New students tackle practical problems

Poultry CRC welcomes two new students, Mrs Marta Navarro Gomez and Mr Jim Shini, whose PhD studies will focus on food safety and fatty live haemorrhagic syndrome, respectively. Both projects are aimed at providing practical solutions to the poultry industry, which is a vital aspect of the Poultry CRC’s mandate. Marta and Jim are enrolled at the University of Queensland (UQ), which has recently joined as a participant in the Poultry CRC. “As UQ has one of the best poultry facilities in Australia, it is good to welcome the university back to the Poultry CRC” said the CRC’s Chief Executive Officer, Professor Mingan Choct.

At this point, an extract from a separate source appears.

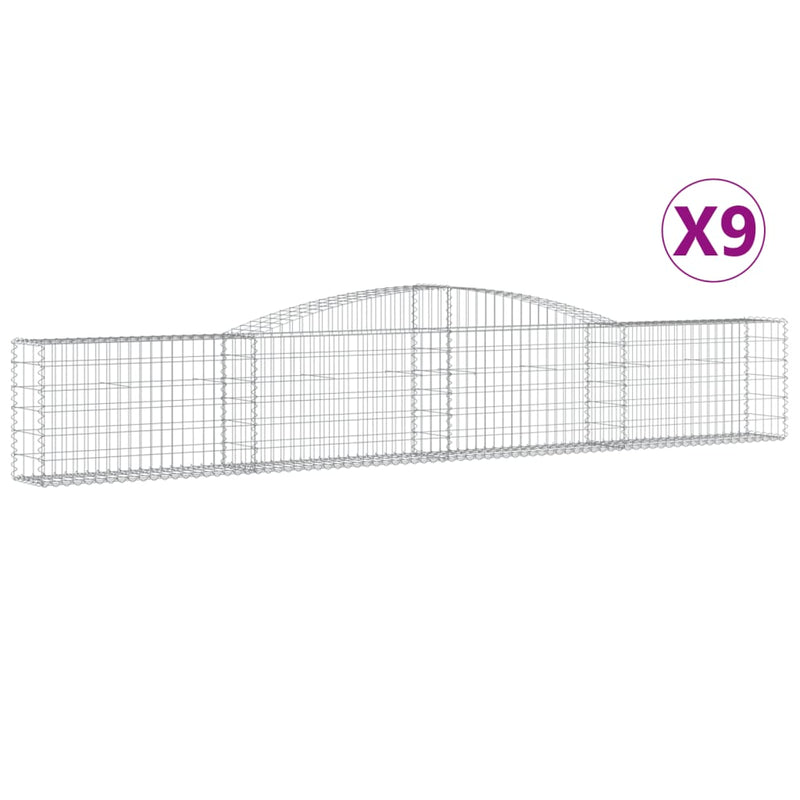 vidaXL 9 db íves horganyzott vas gabion kosár 400x30x60/80 cm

Marta’s PhD project will investigate the use of natural plant extracts to reduce pre-slaughter levels of Campylobacter in the gastrointestinal tract of broiler chickens. Her research will look at mechanisms to understand and overcome the differences between in vitro assays and animal trials, where, in many instances, promising laboratory results do not translate into effective treatments. Central to the approach, Marta says, “will be the application of a new nano-emulsion delivery technology to enhance effective levels [of the extracts] in the intestinal tract”. This research, under the supervision of Dr Roger Stanley and Dr Yasmina Sultanbawa will be undertaken at the Health and Food Sciences Research precinct at Coopers Plains and at UQ’s recently established Centre for Advanced Animal Science (CAAS) at Gatton.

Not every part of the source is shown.